Die SPD ist unterwegs ins Balkendiagramm "Andere"
n-tv
Einst Arbeiterpartei, jetzt Unklar-Partei: Die SPD verliert nicht nur Wahlen, sondern politisches Profil. Jahrelange Selbstentkernung zeigt: Wer jedem gefallen will, gefällt niemandem. Was sagt eigentlich Lars Klingbeil?
Einst Arbeiterpartei, jetzt Unklar-Partei: Die SPD verliert nicht nur Wahlen, sondern politisches Profil. Jahrelange Selbstentkernung zeigt: Wer jedem gefallen will, gefällt niemandem. Was sagt eigentlich Lars Klingbeil?
Zwei Wochen sind vergangen seit der legendären Landtagswahl in Baden-Württemberg. Nach dem spektakulären Sieg von Cem Özdemir schickte das Superwahljahr 2026 den Parteienzirkus am Sonntag in Rheinland-Pfalz direkt in die nächste Bewährungs- und Wiedergutmachungsprobe.

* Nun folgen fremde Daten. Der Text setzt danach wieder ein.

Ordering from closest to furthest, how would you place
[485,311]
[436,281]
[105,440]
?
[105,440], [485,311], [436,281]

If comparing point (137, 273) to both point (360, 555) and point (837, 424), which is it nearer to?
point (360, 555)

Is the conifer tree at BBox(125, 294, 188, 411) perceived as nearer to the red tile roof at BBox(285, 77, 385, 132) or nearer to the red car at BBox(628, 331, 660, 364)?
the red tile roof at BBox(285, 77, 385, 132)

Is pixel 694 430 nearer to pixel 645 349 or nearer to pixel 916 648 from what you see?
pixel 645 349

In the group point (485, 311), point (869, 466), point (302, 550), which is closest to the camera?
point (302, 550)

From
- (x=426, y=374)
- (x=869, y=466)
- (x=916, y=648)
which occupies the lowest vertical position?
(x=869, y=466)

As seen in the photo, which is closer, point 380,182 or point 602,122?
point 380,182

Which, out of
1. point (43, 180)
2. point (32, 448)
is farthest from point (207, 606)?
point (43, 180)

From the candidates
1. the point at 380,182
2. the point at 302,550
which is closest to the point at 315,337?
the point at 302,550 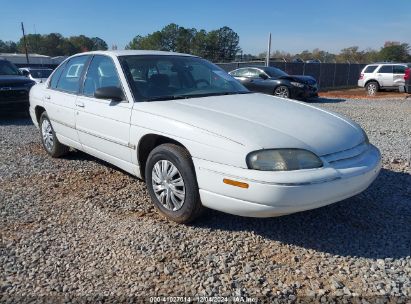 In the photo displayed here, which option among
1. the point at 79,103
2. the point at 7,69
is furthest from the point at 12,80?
the point at 79,103

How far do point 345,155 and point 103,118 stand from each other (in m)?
2.48

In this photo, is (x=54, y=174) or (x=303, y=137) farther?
(x=54, y=174)

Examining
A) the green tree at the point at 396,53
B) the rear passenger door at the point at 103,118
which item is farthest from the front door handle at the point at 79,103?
the green tree at the point at 396,53

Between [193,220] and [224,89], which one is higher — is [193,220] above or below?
below

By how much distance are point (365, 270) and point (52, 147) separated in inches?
183

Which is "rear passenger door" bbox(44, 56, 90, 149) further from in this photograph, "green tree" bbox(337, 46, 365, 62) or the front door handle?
"green tree" bbox(337, 46, 365, 62)

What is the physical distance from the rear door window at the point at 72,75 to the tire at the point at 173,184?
6.04ft

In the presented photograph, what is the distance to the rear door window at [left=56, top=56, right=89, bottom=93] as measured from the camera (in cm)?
477

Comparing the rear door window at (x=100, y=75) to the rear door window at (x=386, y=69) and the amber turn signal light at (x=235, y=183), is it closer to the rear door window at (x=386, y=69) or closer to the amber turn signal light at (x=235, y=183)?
the amber turn signal light at (x=235, y=183)

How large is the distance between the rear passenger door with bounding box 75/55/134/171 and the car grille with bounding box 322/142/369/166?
1.92 metres

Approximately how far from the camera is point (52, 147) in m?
5.69

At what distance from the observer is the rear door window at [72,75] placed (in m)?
4.77

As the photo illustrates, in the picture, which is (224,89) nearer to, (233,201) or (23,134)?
(233,201)

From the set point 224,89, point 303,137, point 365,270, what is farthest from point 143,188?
point 365,270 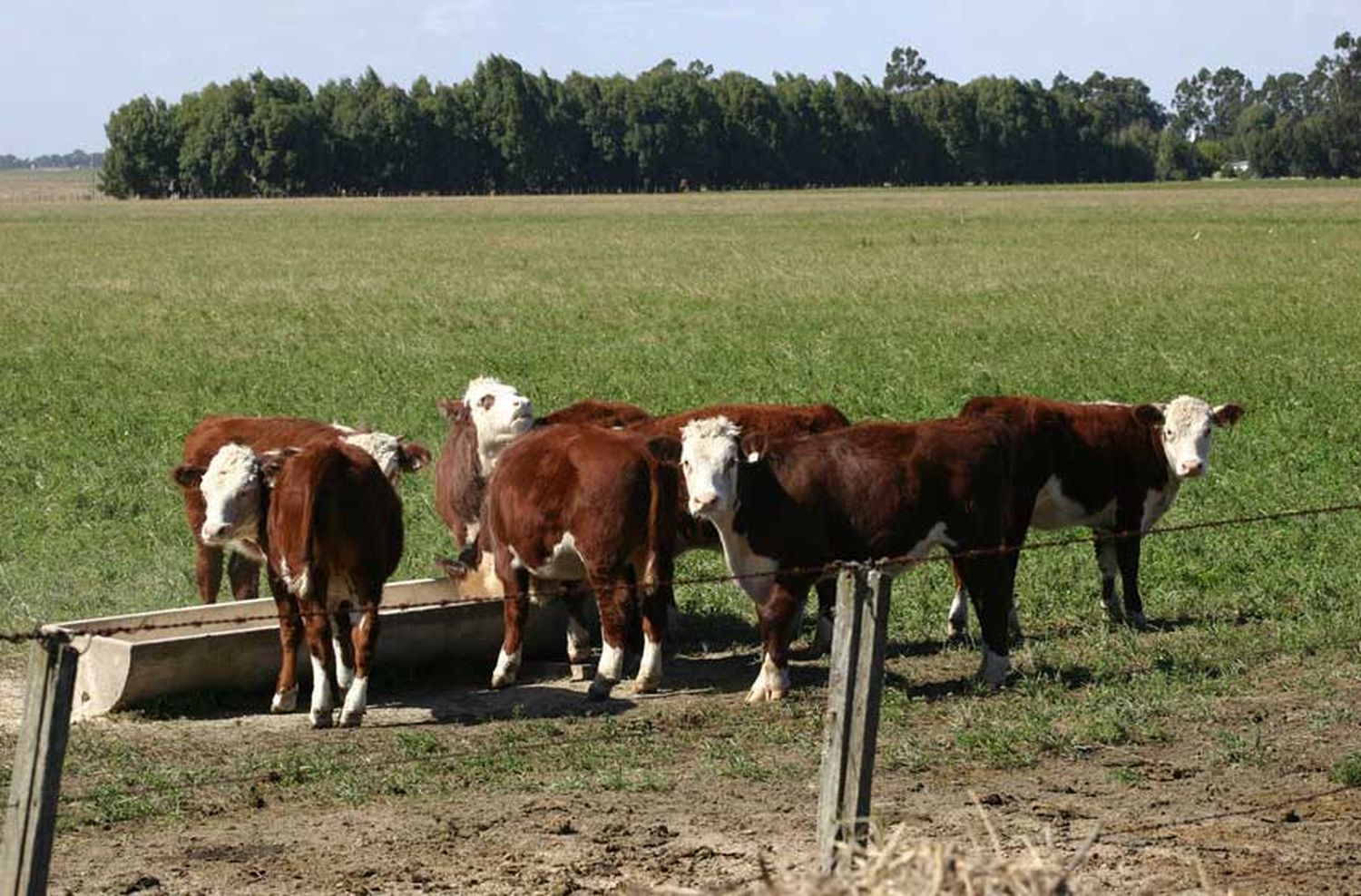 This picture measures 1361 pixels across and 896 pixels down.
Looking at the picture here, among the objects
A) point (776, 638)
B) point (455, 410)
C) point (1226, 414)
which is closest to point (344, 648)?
point (776, 638)

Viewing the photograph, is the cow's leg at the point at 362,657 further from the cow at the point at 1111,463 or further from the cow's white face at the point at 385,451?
the cow at the point at 1111,463

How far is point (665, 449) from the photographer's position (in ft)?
38.5

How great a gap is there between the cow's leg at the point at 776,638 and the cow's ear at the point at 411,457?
2.74 m

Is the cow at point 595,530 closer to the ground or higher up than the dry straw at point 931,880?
closer to the ground

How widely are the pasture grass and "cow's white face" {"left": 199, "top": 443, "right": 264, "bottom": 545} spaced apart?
150 cm

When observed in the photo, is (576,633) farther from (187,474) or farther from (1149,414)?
(1149,414)

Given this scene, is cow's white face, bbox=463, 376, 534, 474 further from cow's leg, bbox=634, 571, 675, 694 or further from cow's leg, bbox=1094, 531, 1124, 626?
cow's leg, bbox=1094, 531, 1124, 626

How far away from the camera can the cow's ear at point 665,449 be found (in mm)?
11719

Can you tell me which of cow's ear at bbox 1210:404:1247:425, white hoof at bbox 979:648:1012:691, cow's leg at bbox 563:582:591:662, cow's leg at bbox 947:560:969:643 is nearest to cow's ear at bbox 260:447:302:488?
cow's leg at bbox 563:582:591:662

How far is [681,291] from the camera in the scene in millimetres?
39719

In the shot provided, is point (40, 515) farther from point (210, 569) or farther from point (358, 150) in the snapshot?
point (358, 150)

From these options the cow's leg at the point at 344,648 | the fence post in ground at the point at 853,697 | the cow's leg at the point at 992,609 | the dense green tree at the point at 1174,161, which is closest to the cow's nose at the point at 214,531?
the cow's leg at the point at 344,648

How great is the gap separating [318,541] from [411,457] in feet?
6.61

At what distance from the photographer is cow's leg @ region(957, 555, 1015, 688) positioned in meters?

Die Quoten für Wetten, dass dieses Grünen-Märchen sich in Rheinland-Pfalz wiederholen würde, waren allerdings schon vor der ersten Hochrechnung schlechter als für den Launch des Podcast "Feministen wie wir" mit Christian Ulmen.
Obwohl Mainz und Stuttgart nur knapp 200 Kilometer voneinander entfernt sind, spielen die Grünen in Rheinland-Pfalz eine eher unbedeutende Rolle. Mehr als die SPD im neuen Reich von Cem Özdemir holten sie mit 7,9 Prozent aber trotzdem. Dort kam die einstige Volkspartei SPD mit 5,5 Prozent so gerade eben noch in den Landtag und arbeitet weiter an ihrem Absturz ins Balkendiagramm "Andere".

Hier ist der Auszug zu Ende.